### Items listed in a dataset

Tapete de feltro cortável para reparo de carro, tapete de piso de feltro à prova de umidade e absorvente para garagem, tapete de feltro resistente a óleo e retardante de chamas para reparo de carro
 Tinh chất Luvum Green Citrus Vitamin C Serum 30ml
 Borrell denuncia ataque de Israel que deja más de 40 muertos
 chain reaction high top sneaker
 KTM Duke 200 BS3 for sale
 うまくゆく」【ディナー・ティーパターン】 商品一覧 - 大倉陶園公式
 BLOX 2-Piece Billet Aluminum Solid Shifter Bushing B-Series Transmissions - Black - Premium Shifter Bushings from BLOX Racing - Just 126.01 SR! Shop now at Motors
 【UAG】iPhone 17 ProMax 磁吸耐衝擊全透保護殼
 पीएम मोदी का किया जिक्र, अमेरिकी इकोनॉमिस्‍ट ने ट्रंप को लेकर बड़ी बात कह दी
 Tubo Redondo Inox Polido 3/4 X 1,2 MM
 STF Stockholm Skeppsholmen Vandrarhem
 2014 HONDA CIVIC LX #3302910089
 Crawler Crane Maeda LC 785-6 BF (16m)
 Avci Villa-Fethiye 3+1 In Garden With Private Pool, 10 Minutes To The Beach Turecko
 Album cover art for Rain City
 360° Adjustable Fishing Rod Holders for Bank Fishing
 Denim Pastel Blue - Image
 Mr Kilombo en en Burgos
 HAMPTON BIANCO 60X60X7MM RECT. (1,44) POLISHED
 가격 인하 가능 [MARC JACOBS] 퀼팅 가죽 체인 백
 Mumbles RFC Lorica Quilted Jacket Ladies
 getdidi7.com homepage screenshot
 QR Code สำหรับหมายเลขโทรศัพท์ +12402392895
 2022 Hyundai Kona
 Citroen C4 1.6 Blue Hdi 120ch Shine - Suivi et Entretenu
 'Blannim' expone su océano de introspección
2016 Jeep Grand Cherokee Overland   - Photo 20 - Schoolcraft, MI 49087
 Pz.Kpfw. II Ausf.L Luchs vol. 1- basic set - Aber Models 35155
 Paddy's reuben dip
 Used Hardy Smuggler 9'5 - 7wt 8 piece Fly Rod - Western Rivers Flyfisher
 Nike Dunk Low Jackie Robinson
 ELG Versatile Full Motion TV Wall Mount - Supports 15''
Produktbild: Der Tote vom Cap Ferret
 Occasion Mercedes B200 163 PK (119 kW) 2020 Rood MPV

### Try it
Please repeat word for word the lines above that run from the beginning through the line containing "가격 인하 가능 [MARC JACOBS] 퀼팅 가죽 체인 백", keeping both the first and that last line.

### Output for this task
Tapete de feltro cortável para reparo de carro, tapete de piso de feltro à prova de umidade e absorvente para garagem, tapete de feltro resistente a óleo e retardante de chamas para reparo de carro
 Tinh chất Luvum Green Citrus Vitamin C Serum 30ml
 Borrell denuncia ataque de Israel que deja más de 40 muertos
 chain reaction high top sneaker
 KTM Duke 200 BS3 for sale
 うまくゆく」【ディナー・ティーパターン】 商品一覧 - 大倉陶園公式
 BLOX 2-Piece Billet Aluminum Solid Shifter Bushing B-Series Transmissions - Black - Premium Shifter Bushings from BLOX Racing - Just 126.01 SR! Shop now at Motors
 【UAG】iPhone 17 ProMax 磁吸耐衝擊全透保護殼
 पीएम मोदी का किया जिक्र, अमेरिकी इकोनॉमिस्‍ट ने ट्रंप को लेकर बड़ी बात कह दी
 Tubo Redondo Inox Polido 3/4 X 1,2 MM
 STF Stockholm Skeppsholmen Vandrarhem
 2014 HONDA CIVIC LX #3302910089
 Crawler Crane Maeda LC 785-6 BF (16m)
 Avci Villa-Fethiye 3+1 In Garden With Private Pool, 10 Minutes To The Beach Turecko
 Album cover art for Rain City
 360° Adjustable Fishing Rod Holders for Bank Fishing
 Denim Pastel Blue - Image
 Mr Kilombo en en Burgos
 HAMPTON BIANCO 60X60X7MM RECT. (1,44) POLISHED
 가격 인하 가능 [MARC JACOBS] 퀼팅 가죽 체인 백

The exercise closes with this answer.